W.Va. negotiated deal prices as state upsizes competitive offerings

BB-052218-municlose

The municipal bond market saw more deals hit the screens, as West Virginia sold a negotiated deal on Tuesday and prepared to offer two competitive sales on Wednesday.

A New York trader said the secondary market continued to be lifeless in the backdrop of a thriving new-issue market. “The secondary market is extremely quiet, flat, and uneventful,” the trader said on Tuesday an hour before the market closed.

Primary market
On Tuesday, Bank of America Merrill Lynch priced West Virginia’s $167 million of Series 2018A general obligation state road bonds. The deal was restructured from the originally expected $312 million. On Wednesday, the state will competitively sell two deals, increasing the total offering to $632.4 million. The sale was originally one deal amounting to $488.21 million.

The state will be selling $302.055 million of Series 2018B Bidding Group 2 GO state road bonds and $330.345 million of Series 2018B Bidding Group 1 GO state road bonds.

The deals are rated Aa2 by Moody’s, AA-minus by S&P and AA by Fitch.

"The restructuring was done because we think it will save the state money," said Ann Urling, Deputy Chief of Staff to Gov. Jim Justice. "We believe it will result in a lower cost to the state."

Also on Tuesday, BAML priced and repriced the Regents of the University of California’s $962.36 million of Series 2018AZ general revenue bonds after holding a one-day retail order period.

Although the New York trader said his firm was not involved in the deal, he heard it went very well and stole the attention of supply-hungry investors who have suffered through the scarcity of volume so far in 2018.

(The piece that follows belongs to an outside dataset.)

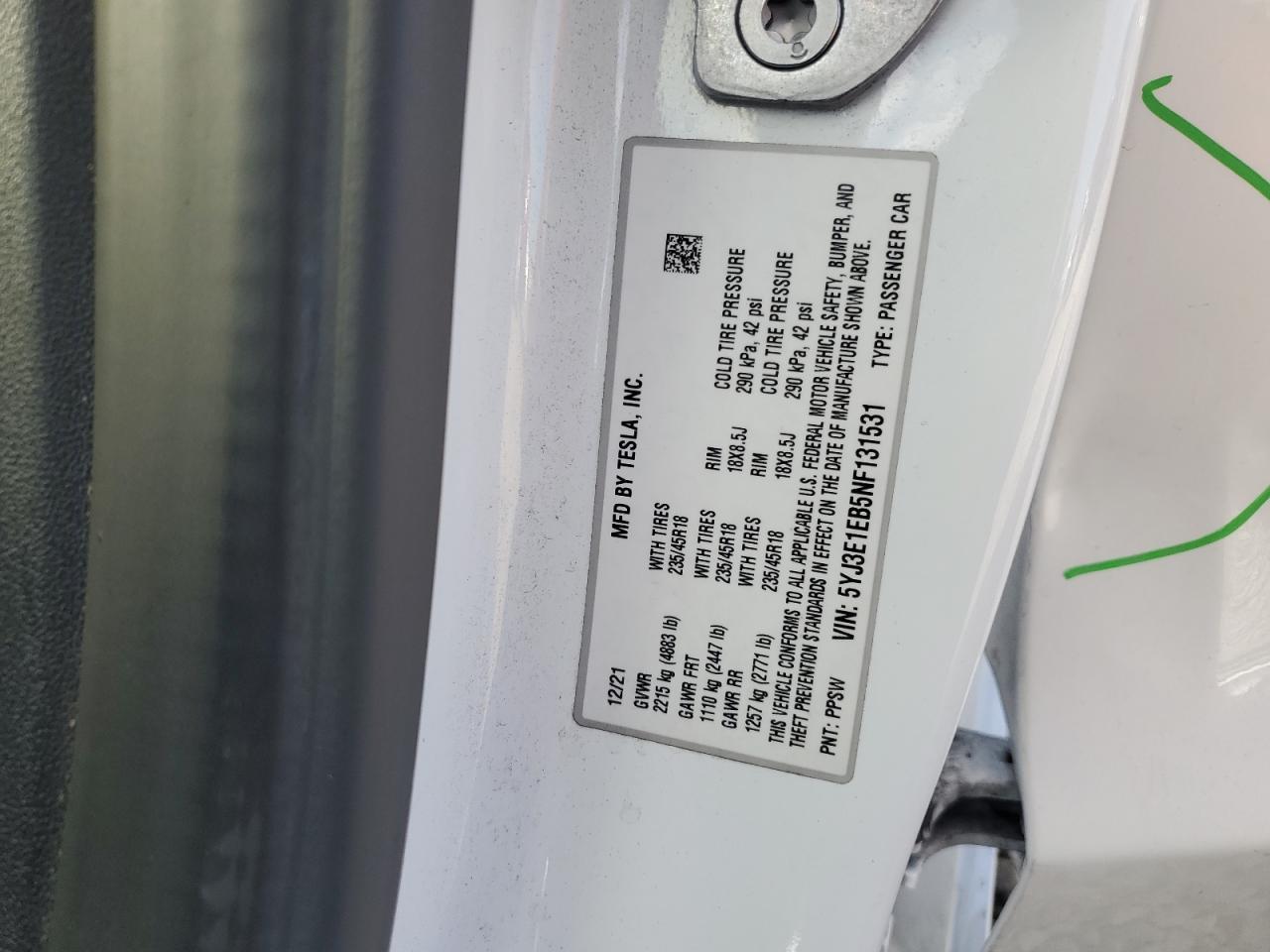 2022 TESLA MODEL 3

“All the new-issue focus is on the Cal deal,” he said, adding that investors have “lots of cash out there.” He said those who didn’t participate this week are waiting until after the long Memorial Day holiday — closer to the upcoming June 1 coupon and maturity date — to spend that available cash on reinvestment paper.

“They are looking for paper, but it’s very thin,” the trader said of 2018’s overall new-issue volume. Weekly issuance hit $10 billion for the first time this year in the five days through Friday.

BAML is also set to price the Regents' $739 million of Series 20180 limited project revenue bonds, the $283 million of Series 2018BA taxable general revenue bonds, and $95 million of Series 2018P taxable limited project revenue bonds.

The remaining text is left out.